▸ **Source material**
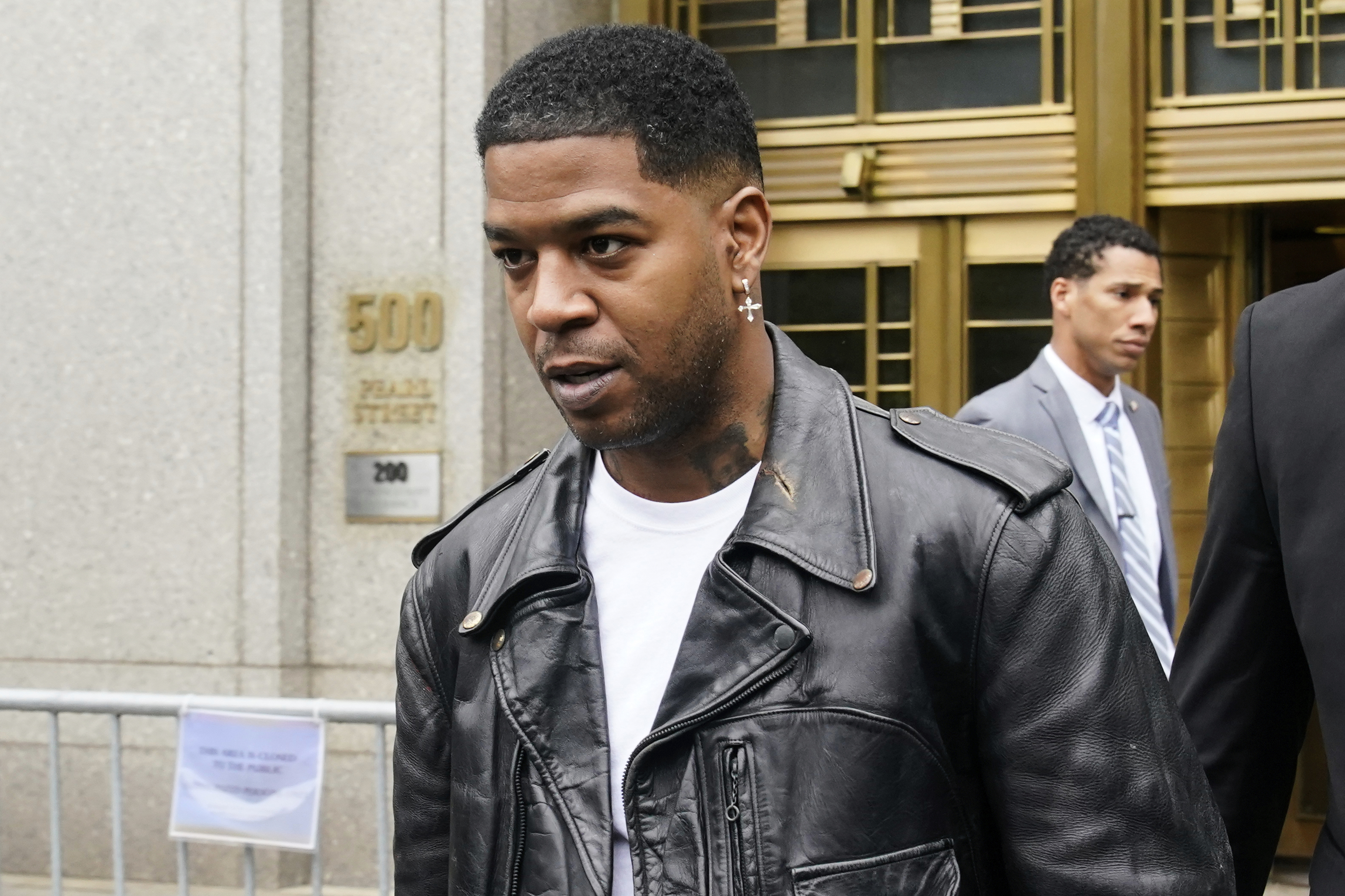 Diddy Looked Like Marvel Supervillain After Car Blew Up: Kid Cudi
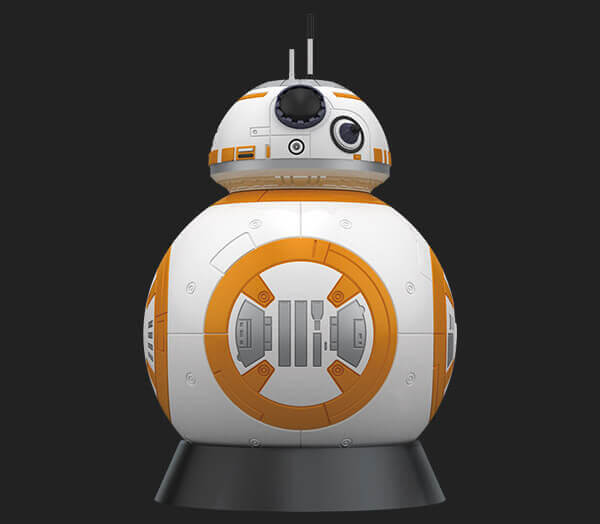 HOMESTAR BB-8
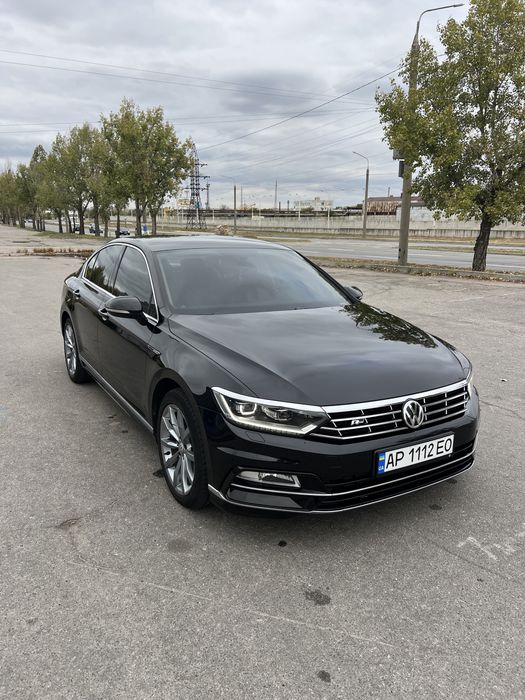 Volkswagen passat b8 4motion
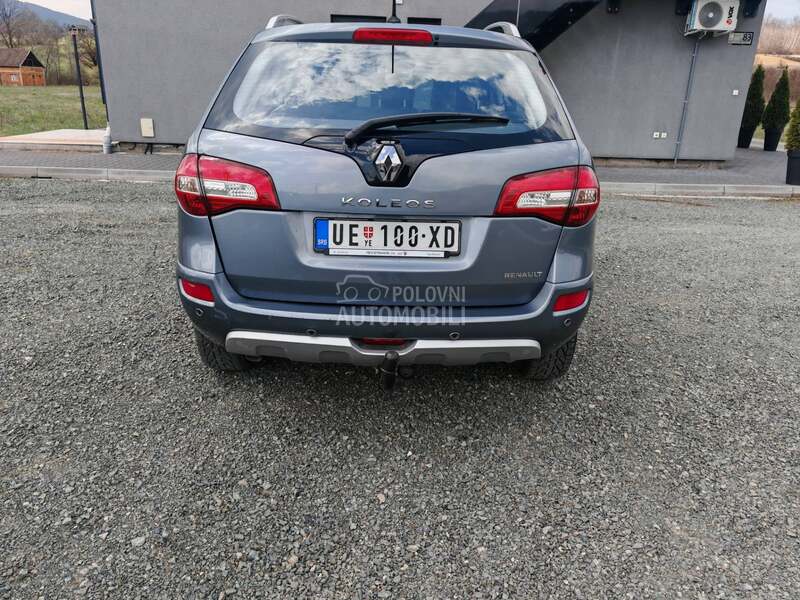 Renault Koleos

▸ **Goal of the exercise**
Only the pictures are to be dropped; all other material above must be repeated exactly.

▸ **Answer to this task**
 Diddy Looked Like Marvel Supervillain After Car Blew Up: Kid Cudi
 HOMESTAR BB-8
 Volkswagen passat b8 4motion
 Renault Koleos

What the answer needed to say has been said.